Segment Start: Provided records

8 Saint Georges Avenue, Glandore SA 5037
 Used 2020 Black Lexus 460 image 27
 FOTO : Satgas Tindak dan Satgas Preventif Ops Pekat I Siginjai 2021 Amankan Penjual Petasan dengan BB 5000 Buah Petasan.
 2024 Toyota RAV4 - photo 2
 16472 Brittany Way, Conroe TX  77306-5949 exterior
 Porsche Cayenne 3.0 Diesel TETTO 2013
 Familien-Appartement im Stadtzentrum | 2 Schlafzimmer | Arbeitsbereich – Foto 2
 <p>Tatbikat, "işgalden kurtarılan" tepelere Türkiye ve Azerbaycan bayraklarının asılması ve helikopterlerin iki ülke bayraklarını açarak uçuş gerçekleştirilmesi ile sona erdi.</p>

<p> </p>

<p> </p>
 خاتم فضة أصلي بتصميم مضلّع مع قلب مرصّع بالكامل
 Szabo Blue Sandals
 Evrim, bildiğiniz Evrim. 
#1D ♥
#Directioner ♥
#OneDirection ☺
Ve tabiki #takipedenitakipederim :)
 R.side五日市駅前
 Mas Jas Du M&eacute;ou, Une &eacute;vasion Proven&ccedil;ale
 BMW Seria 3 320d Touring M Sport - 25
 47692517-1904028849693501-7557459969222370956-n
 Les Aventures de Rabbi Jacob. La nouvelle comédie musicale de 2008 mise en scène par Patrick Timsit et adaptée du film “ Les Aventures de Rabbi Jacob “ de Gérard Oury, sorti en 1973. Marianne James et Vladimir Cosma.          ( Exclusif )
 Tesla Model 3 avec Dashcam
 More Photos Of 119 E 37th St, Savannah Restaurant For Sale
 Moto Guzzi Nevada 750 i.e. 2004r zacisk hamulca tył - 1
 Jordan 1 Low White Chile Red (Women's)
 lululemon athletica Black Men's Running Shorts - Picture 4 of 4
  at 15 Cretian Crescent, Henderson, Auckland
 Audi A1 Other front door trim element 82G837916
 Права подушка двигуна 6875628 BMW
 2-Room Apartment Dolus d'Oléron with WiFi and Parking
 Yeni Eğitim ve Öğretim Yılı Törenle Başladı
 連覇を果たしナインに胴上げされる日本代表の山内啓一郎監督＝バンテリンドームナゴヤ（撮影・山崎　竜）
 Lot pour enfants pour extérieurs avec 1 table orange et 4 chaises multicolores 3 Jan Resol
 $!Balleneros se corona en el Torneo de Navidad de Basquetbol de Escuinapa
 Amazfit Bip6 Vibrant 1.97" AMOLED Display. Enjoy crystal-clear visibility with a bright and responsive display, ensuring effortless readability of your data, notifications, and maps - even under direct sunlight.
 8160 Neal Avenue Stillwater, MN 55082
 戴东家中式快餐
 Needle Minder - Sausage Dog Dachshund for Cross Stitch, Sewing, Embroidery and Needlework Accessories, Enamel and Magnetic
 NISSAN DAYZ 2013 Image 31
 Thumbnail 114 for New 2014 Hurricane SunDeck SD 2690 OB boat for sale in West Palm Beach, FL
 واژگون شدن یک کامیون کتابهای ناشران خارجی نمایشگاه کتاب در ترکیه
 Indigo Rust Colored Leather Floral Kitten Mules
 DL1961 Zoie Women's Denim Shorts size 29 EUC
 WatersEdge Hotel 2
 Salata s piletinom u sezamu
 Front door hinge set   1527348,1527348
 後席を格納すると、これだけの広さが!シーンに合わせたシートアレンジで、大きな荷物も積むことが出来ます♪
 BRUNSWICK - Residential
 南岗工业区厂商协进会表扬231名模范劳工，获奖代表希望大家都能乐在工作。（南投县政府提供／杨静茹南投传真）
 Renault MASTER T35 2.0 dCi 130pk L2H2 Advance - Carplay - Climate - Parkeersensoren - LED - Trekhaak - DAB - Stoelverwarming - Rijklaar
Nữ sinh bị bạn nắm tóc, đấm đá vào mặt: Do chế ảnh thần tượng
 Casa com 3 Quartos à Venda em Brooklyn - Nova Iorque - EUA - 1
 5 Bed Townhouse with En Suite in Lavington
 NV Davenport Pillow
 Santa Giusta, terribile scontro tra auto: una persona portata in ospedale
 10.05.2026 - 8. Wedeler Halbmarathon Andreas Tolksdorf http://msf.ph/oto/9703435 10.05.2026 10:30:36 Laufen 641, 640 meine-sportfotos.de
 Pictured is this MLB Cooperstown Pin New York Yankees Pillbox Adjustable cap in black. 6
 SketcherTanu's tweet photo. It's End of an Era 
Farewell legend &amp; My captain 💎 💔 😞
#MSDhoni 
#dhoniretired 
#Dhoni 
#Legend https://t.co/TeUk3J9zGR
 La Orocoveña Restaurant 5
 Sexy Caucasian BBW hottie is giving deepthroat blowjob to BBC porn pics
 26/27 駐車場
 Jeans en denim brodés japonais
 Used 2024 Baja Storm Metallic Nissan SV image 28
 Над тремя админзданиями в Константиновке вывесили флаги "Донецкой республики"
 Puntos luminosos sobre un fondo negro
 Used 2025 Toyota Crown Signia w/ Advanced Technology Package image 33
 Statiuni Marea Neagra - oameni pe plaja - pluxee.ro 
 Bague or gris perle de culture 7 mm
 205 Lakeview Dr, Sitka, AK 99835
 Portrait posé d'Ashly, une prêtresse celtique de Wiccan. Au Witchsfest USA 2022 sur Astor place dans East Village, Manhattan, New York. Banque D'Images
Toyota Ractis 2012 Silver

Segment End: Provided records

__What the task requires__.
Word for word, please print every line from the beginning of the records to the line bearing "Права подушка двигуна 6875628 BMW", counting both ends and stopping there.

__Answer for the task__.
8 Saint Georges Avenue, Glandore SA 5037
 Used 2020 Black Lexus 460 image 27
 FOTO : Satgas Tindak dan Satgas Preventif Ops Pekat I Siginjai 2021 Amankan Penjual Petasan dengan BB 5000 Buah Petasan.
 2024 Toyota RAV4 - photo 2
 16472 Brittany Way, Conroe TX  77306-5949 exterior
 Porsche Cayenne 3.0 Diesel TETTO 2013
 Familien-Appartement im Stadtzentrum | 2 Schlafzimmer | Arbeitsbereich – Foto 2
 <p>Tatbikat, "işgalden kurtarılan" tepelere Türkiye ve Azerbaycan bayraklarının asılması ve helikopterlerin iki ülke bayraklarını açarak uçuş gerçekleştirilmesi ile sona erdi.</p>

<p> </p>

<p> </p>
 خاتم فضة أصلي بتصميم مضلّع مع قلب مرصّع بالكامل
 Szabo Blue Sandals
 Evrim, bildiğiniz Evrim. 
#1D ♥
#Directioner ♥
#OneDirection ☺
Ve tabiki #takipedenitakipederim :)
 R.side五日市駅前
 Mas Jas Du M&eacute;ou, Une &eacute;vasion Proven&ccedil;ale
 BMW Seria 3 320d Touring M Sport - 25
 47692517-1904028849693501-7557459969222370956-n
 Les Aventures de Rabbi Jacob. La nouvelle comédie musicale de 2008 mise en scène par Patrick Timsit et adaptée du film “ Les Aventures de Rabbi Jacob “ de Gérard Oury, sorti en 1973. Marianne James et Vladimir Cosma.          ( Exclusif )
 Tesla Model 3 avec Dashcam
 More Photos Of 119 E 37th St, Savannah Restaurant For Sale
 Moto Guzzi Nevada 750 i.e. 2004r zacisk hamulca tył - 1
 Jordan 1 Low White Chile Red (Women's)
 lululemon athletica Black Men's Running Shorts - Picture 4 of 4
  at 15 Cretian Crescent, Henderson, Auckland
 Audi A1 Other front door trim element 82G837916
 Права подушка двигуна 6875628 BMW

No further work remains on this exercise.